Accessibility testing evolved from a compliance exercise to a core component of user experience strategy. At some point, organizations began to understand that accessibility wasn’t just about avoiding lawsuits—it was about expanding market reach, improving usability for all customers, and fulfilling corporate social responsibility. But how did that happen? Let’s take a short view back to the past (and then, move to digital accessibility as we know it today).
Accessibility Testing and the Journey Toward Digital Inclusion
The Evolution of Digital Accessibility
In the early days of the Internet—when we used to write it with a capital letter—accessibility was rarely a consideration. Websites were built to manifest online presence and demonstrate the tech advancement. As time passed, brands started paying more attention to functionality and convenience. Next, visual appeal became the primary focus. And in most cases, users with disabilities weren’t taken into account.
It all started to change when the first iteration of the Web Content Accessibility Guidelines (WCAG 1.0) emerged in 1999. Yet, its implementation remained sporadic and superficial for many years. Accessibility remained an afterthought for the majority—a box to check just before launch or, more commonly, after receiving complaints.
The landscape began to shift in the mid-2000s.
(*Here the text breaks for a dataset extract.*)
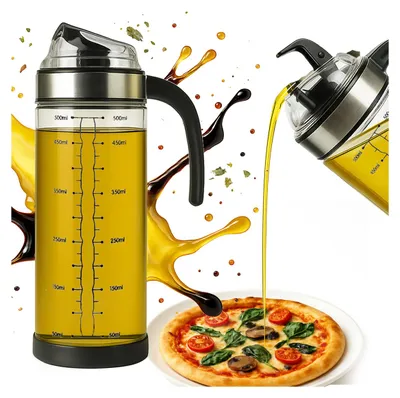Imagen del producto de Dispensador de vidrio Bimberek con asa, de 500 ml, para aceites y salsas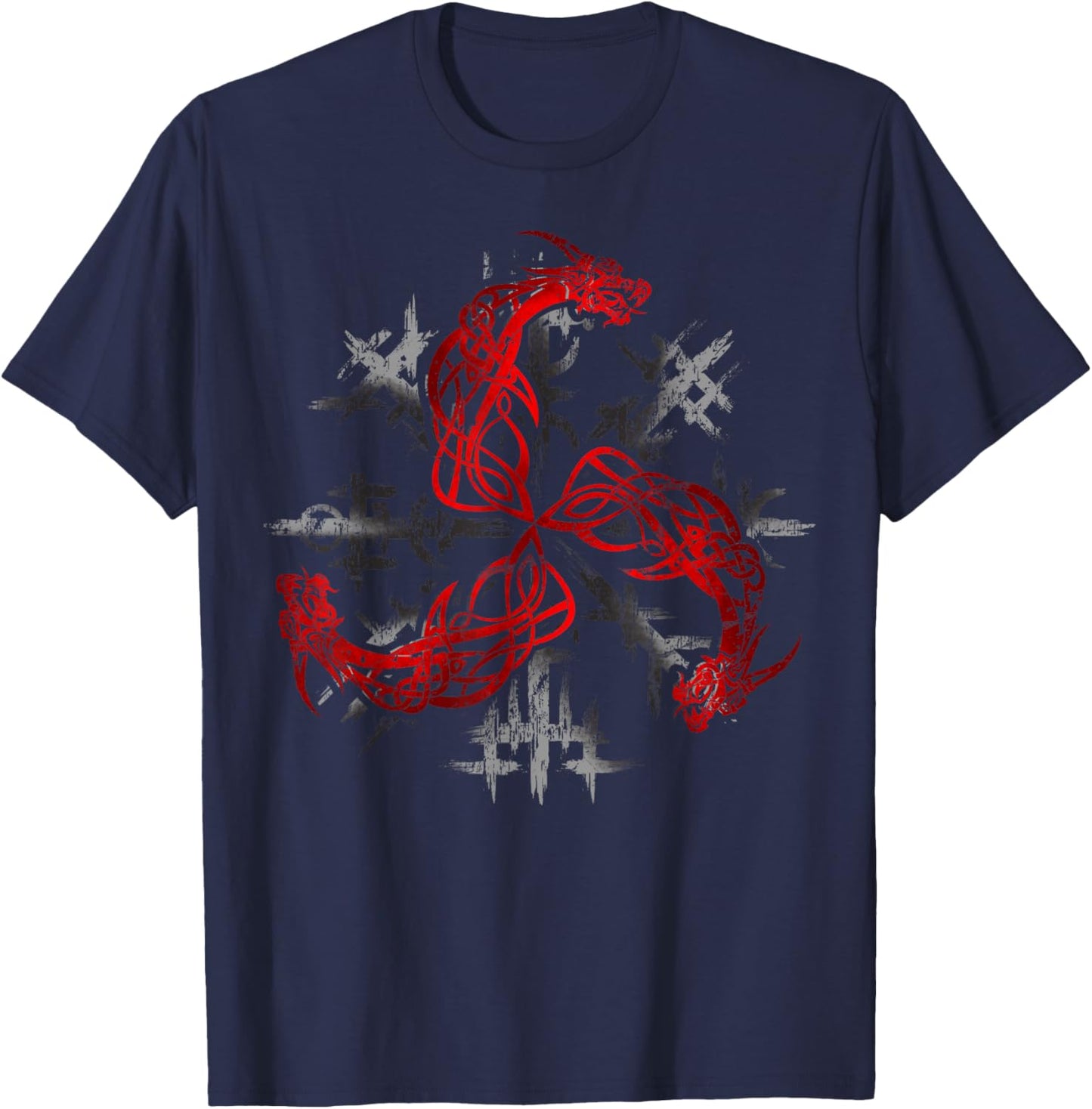 Viking Valknut Symbol Triskelion Amulet Celtic Three Dragons T-Shirt - T-Shirt | Navy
Legal actions against major corporations highlighted the importance of digital accessibility. Landmark cases against Target (2006) and Netflix (2012) set precedents that would reshape how businesses approached their digital properties. And even after that, software accessibility testing remained largely reactive rather than proactive.
By 2010, mobile devices had dramatically altered the way we use software. Suddenly, developers needed to ensure applications worked across multiple screen sizes, input methods, and contexts. A smartphone becoming a gadget for everyday use created an opening for accessibility considerations.
It turned out that the principles of responsive design often aligned with the best practices of software accessibility. Teams began recognizing the parallels between designing for different devices and designing for different abilities. Though empathy and responsibility weren’t the primary factors shaping and enabling digital accessibility, they played an important role in establishing the right regulations.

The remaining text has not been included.